What completions data is currently available?

scipeds uses data from the "A" series of aggregated IPEDS Completions Suvey data, which contains completers by university (6-digit UNITID), year, field of study (6-digit CIP code), award level, race/ethnicity, and gender. This data is available in the ipeds_completions_a table in the pre-processed duckdb.

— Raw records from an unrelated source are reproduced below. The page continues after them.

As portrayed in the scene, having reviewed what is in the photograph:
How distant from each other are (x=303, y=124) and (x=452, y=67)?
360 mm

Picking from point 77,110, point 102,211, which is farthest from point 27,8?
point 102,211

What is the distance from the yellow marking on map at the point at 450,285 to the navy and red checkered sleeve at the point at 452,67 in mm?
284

In addition to the 6-digit CIP code, higher-level field taxonomies are also provided. The following is a complete schema for the ipeds_completions_a table:

ipeds_completions_a

column_name comment data_type
year IPEDS survey year USMALLINT
unitid UNITID of institution UINTEGER
cipcode The originally recorded CIP code ENUM
awlevel Level of award ENUM
majornum Major number UTINYINT
cip2020 Crosswalked 2020 CIP code ENUM
race_ethnicity Race / ethnicity of completers ENUM
gender Gender of completers ENUM
n_awards Number of completions UINTEGER
ncses_sci_group NCSES Science and Engineering Alternate Classification ENUM
ncses_field_group NCSES Broad Fields Alternate Classification ENUM
ncses_detailed_field_group NCSES Detailed Fields Classification ENUM
nsf_broad_field NSF Diversity and STEM Report Broad Field Classification ENUM
dhs_stem DHS STEM Classification BOOLEAN

The queries in the Engine don't cover my use case. What should I do?

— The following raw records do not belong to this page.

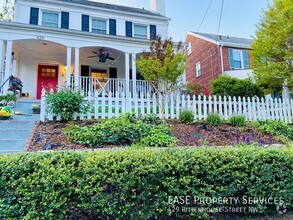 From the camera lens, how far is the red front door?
44.2 ft

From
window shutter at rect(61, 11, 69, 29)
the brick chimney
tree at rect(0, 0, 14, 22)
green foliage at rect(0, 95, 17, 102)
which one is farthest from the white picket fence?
tree at rect(0, 0, 14, 22)

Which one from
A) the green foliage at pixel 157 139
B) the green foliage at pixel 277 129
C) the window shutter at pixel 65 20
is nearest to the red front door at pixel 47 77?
the window shutter at pixel 65 20

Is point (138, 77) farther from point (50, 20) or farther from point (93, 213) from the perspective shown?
point (93, 213)

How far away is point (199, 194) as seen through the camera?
2.84 metres

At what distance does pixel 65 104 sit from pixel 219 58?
41.6ft

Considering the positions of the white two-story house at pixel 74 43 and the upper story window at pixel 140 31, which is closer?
the white two-story house at pixel 74 43

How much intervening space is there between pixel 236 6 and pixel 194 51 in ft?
24.6

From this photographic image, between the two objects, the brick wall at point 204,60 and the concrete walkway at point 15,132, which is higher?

You can write your own SQL query and run it using the engine's get_df_from_query function.

I've written a super useful query that I think should be part of the engine. What should I do?

You can add a wrapper to your query in the engine definition. See the contributing guide for how to contribute to the codebase.

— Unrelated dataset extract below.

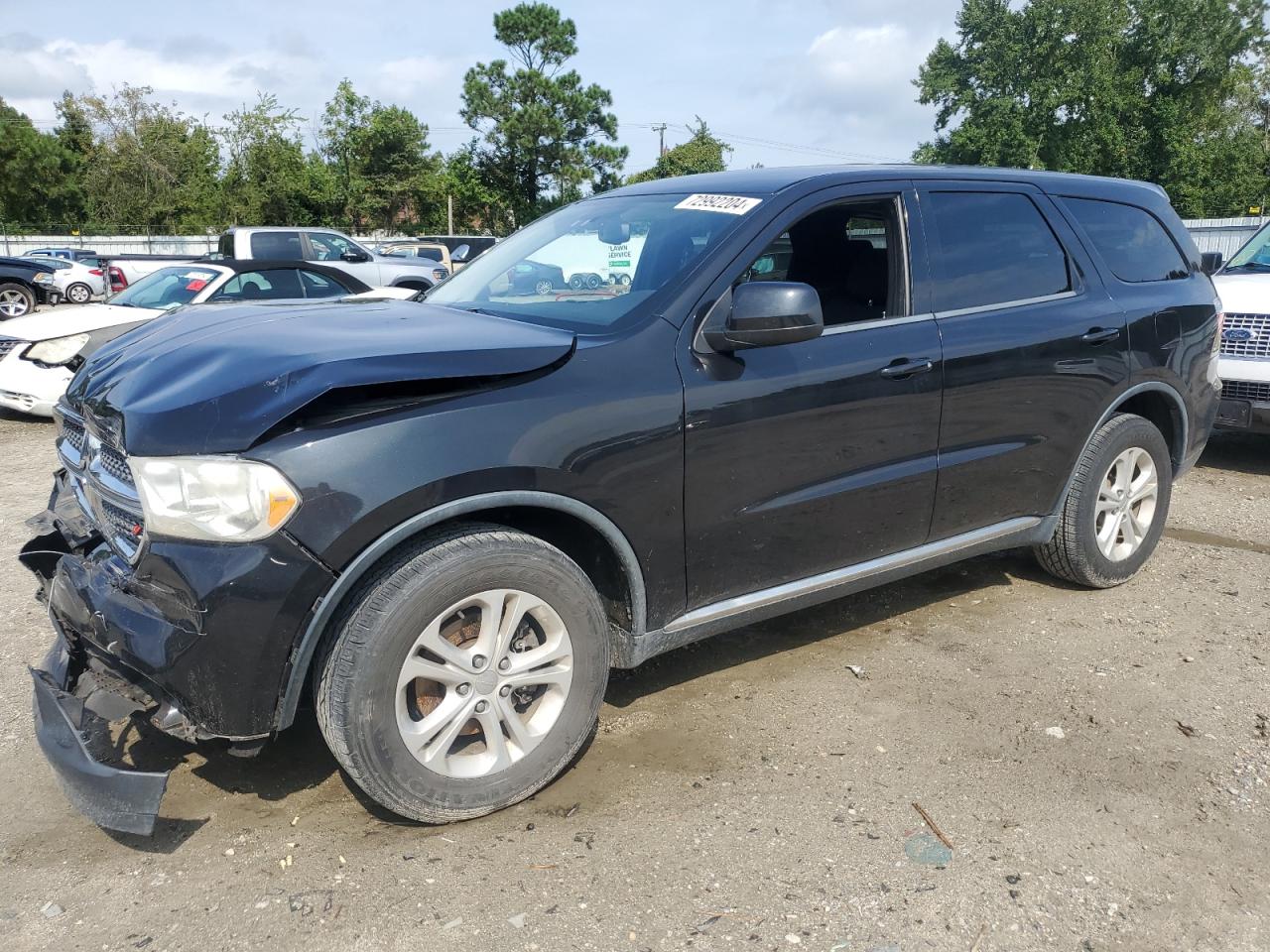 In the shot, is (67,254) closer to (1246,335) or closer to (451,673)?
(1246,335)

How do query filters work?

Query filters allow you to specify the data you want to include for your analysis.

For example, if you only want to look at Associate's degrees and want to exclude non-resident aliens from your analysis, you can specify the race/ethnicity groups in your QueryFilter as all groups except RaceEthn.nonres and the award levels as just AwardLevel.associates. By default, query filters will include all years of data, all race/ethnicity groups, both first and second majors, and all award levels.

Warning

Excluding items from your queries will change the values you see in any totals columns. If you do filter your data, make sure you double-check or cross-reference the numbers you get back to make sure you are seeing what you would expect.

I ran a query - what are the different columns and what do they mean?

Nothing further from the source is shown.